I have no objection to giving it a try if @mewmew wants to make the change.

mewmew commented 8 years ago

After applying PR #25, the example grammar empty.bnf:

Start
    : Foo Bar
;

Foo
    : empty  << "no foo", nil >>
    | "foo"  << "foo", nil >>
;

Bar
    : empty << "no bar", nil >>
    | "bar" << "bar", nil >>
;

produces the following reduce functions of production table entities for empty an syntax body, https://github.com/mewspring/poc/blob/24da0316b28052c4d153b386adbeaba92065079c/empty/parser/productionstable.go#L48

    ProdTabEntry{
        String: `Foo : empty    << "no foo", nil >>`,
        Id:         "Foo",
        NTType:     2,
        Index:      2,
        NumSymbols: 0,
        ReduceFunc: func(X []Attrib) (Attrib, error) {
            return nil, nil
        },
    },

Example run with the debug_parser flag enabled.

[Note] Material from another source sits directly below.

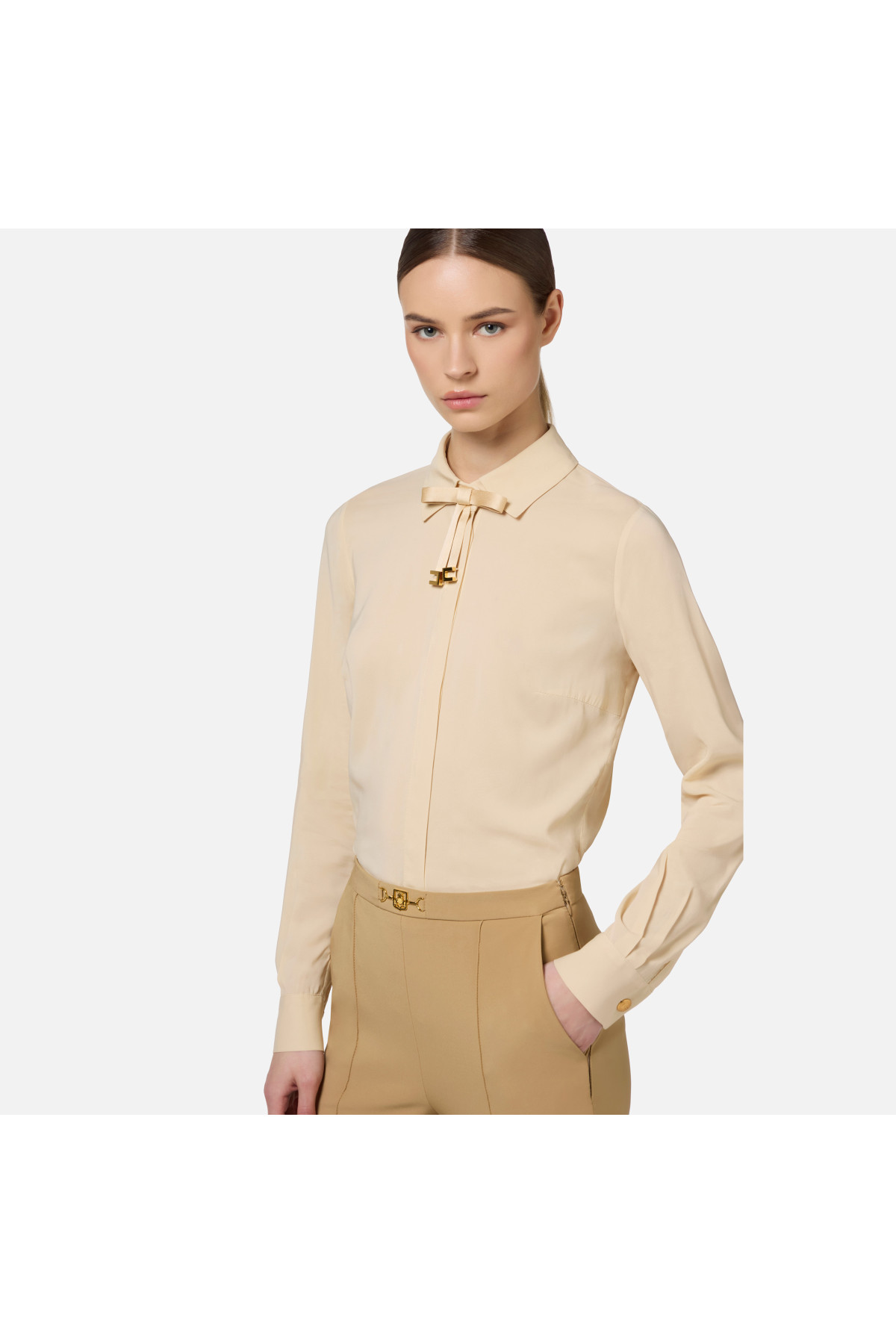 Camicia con fiocco elisabetta franchi best sale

u@x1 ~/D/g/s/g/m/p/empty> cat b.txt
bar
u@x1 ~/D/g/s/g/m/p/empty> empty b.txt
S0 bar(4,bar) reduce:2(Foo : empty  << "no foo", nil >>)
S2 bar(4,bar) shift:5
S5 $(1,) reduce:5(Bar : "bar"   << "bar", nil >>)
S4 $(1,) reduce:1(Start : Foo Bar   <<  >>)
S1 $(1,) accept(0)
no foo